Nunca me he puesto a clasificar cuales han sido mis mejores posts. Ni siquiera sé si existe uno; pero los que escribí después de que se me haya ocurrido alguna idea mientras empezaba a divagar en El Cajas fueron a los que les puse más feelin´. El estar ahí era materia prima y de la buena para la mente. Recuerdo uno de Hemingway y la monotonía que me generaba apreciar las montañas, y uno sobre un libro de García Márquez después de haber creído encontrar en el bus a uno de esos personajes que los pensaba ficticios. Era como si en el Cajas pudiera manipular la realidad o inventarla. Es un sitio que me ha dado más de lo que imaginaba.
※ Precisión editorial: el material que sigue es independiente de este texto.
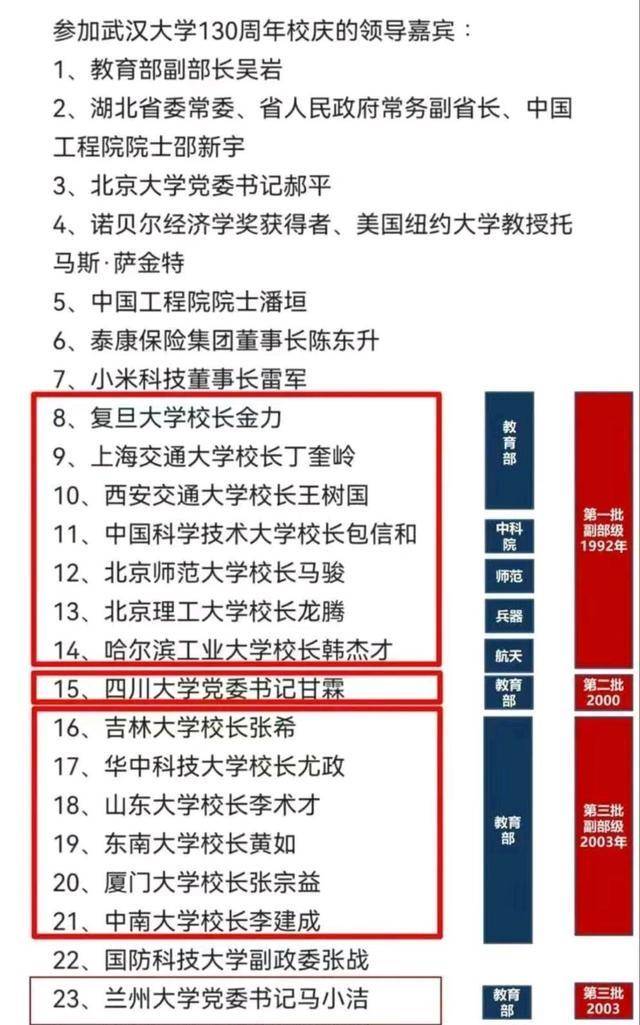 武汉大学十大博导名单-图1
No hay como estar en la playa, tener en una mano un buen libro, en la otra una cerveza y en las sillas de al lado a tus amigos; pero para estar solo, para uno mismo (uno de esos que si no lo tuvieras te sería imposible sobrevivir): el Cajas.
Lo transitaba desde pequeño cuando, junto a mi hermana y mi primo, nos mandaban de vacaciones a Cuenca y la vía que pasaba por La Troncal y por Azogues se volvió el camino largo. Mi tío me contaba que a él cuando le tocaba viajar a Guayaquil, y a veces pasaba por el Cajas y el bus se dañaba en las pendientes, alguno de los pasajeros mataba una gallina, otro sacaba el trago y hacían fiesta hasta que repararan el bus; y el mismo tío me contaba también que sus padres hacían el mismo recorrido en carretas tiradas a caballo y en caravana, y demoraban ocho horas hasta llegar a Naranjal, pasando la noche en el cantón y al día siguiente tomaban rumbo hacia Guayaquil. No eran viajes sino aventuras. Como la que Juan Fernando Andrade escribe, en una de sus crónicas para la revista Soho, cuando los primeros raidistas llegaron a Quito desde Chone, hartos del anterior recorrido: Quito - Bahía de Caráquez - en barco a Guayaquil - en tren a Chone, en diciembre de 1939. Casi un mes de viaje con todas las peripecias de ley pero al final todos los tripulantes y el automóvil llegaron sanos y salvos. Y el día jueves leí una columna de Ricardo Tello (está bueno que EL UNIVERSO ponga esta clase de columnistas que parecen escribir con libertad y no con obligación) dedicada a los primeros raidistas que cruzaron El Cajas hace 40 años. En este momento en que aquella vía, donde a uno lo obligaban a estacionarse por lapsos de hasta cuarenta minutos porque la estaban rellenando de hormigón, está finalmente pavimentada en todo su recorrido. Y sin ganas de obstruir el progreso, pienso que los que viajan hasta Cuenca deberían detenerse por un rato en la autopista, en medio de la nada, olvidarse del apuro por llegar y dejarse llevar por la vista, la monotonía y todo lo que ellas traen.